Time Hunter

Authors: Iain McLaughlin & Claire Bartlett
Telos Publishing
RRP: £7.99 (paperback), £25.00 (deluxe hardback)
ISBN 1 903889 45 6 (paperback)
ISBN 1 903889 46 4 (deluxe hardback)
Available 21 April 2005

When Honoré and Emily find themselves outside the imposing tower-block headquarters of Dragon Industry, both sense something is wrong. There are ghosts in the building. Images and echoes of all times pervade its structure. What is behind this massive contradiction in time, and can the travellers figure it out before they become trapped themselves...?

I read this novella more than a year after its publication. However, even if I'd picked it up immediately upon its release, I reckon I would still have had trouble remembering how the previous book in the series, The Severed Man (published December 2004) left off. Four months is too long to wait for a cliffhanger to be resolved.

Not to worry, though. Even though Severed ended with the claim that the story would be continued in this book, the connection is tenuous. The devil-worshipping cult, which I thought had not yet been thoroughly dealt with, is only alluded to in the satanic shape of the Dragon Industry logo. In fact, there's only one direct connection with the previous novella, and that is explained sufficiently well within the context of this book. In short, you don't need to have read The Severed Man (but it helps).

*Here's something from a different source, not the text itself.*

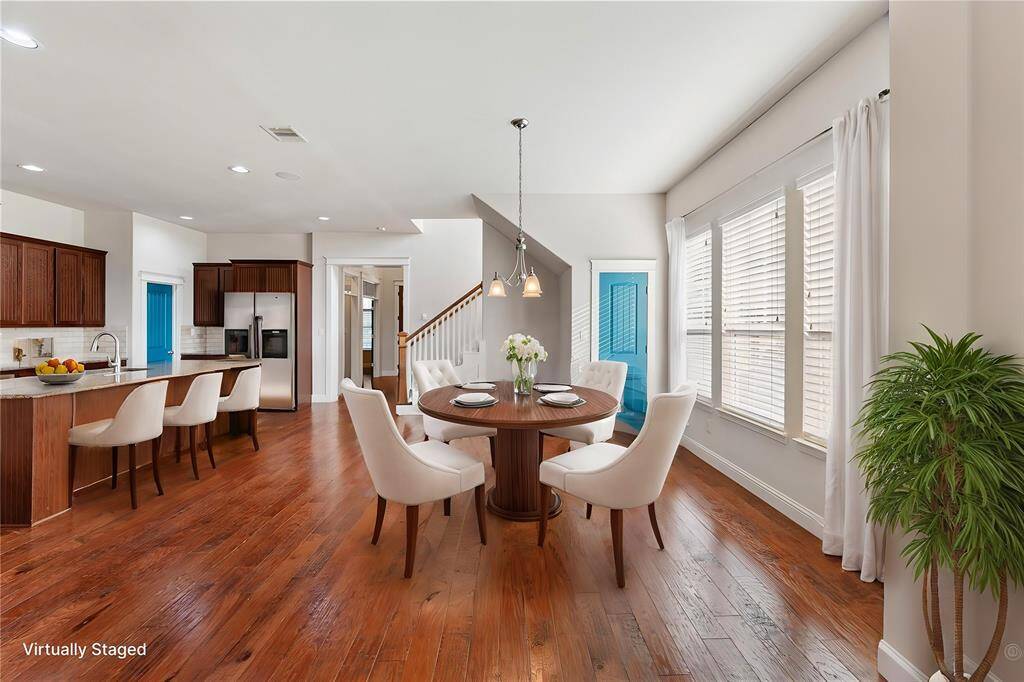 Virtually staged breakfast area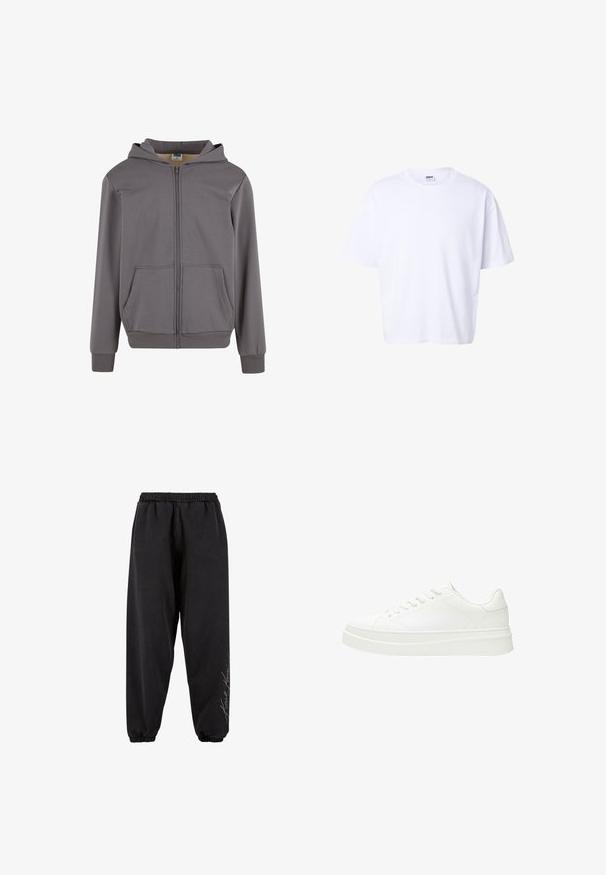 Grå zip-up hoodie med foret hætte, to frontlommer, ribbede manchetter og kant. Fremstillet af blødt, let stof med en glat tekstur.; Hvidt bomulds-T-shirt med korte ærmer, rund hals, løs pasform og Urban Classic-mærke inde i kraven.; Sorte sweatpants lavet af blødt stof med elastisk talje. Taperede ankler og trykt tekstdetalje på den ene side. Casual, afslappet pasform.; Hvid sneaker med en glat læderoverdel, flade snørebånd og en tyk gummisål. Minimalistisk design med diskret syning og glatte detaljer.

Despite time-bending shenanigans as convoluted as we have ever seen in this series, including this novella's predecessor, Iain McLaughlin and Claire Bartlett have turned in one of the most readable Time Hunter tomes to date. Several dialogue-only sections are a little hard to follow to begin with, as they contain no directions, apart from the dialogue itself, as to which of the (disembodied) characters is speaking. However, even these segments become clear in time as individual characters begin to stand out.

I think it helps that I am a Sapphire & Steel fan, as there are a lot of similar elements (no pun intended) here. Ghosts; rooms that switch between time zones, so that they are cobweb-strewn one minute and pristinely spotless the next; a room isolated by an unnatural darkness; a darkness that moves with intelligent purpose; the sacrifice of someone's timeline... this is all textbook Sapphire & Steel stuff. Still, I suppose it makes a change from Honoré and Emily being stand-ins for the Doctor and his companions! The authors should consider submitting proposals for Big Finish's Sapphire audio series.

The above might sound like a criticism, but it isn't as far as I am concerned. I can't get enough Sapphire & Steel, especially now that the first Big Finish series has come to an end, so any echoes of it are more than welcome.

Apart from some strange and inconsistent hyphen usage (for example, in this series it's important to decide whether or not you're going to hyphenate the term time-snake/time snake) I enjoyed this book.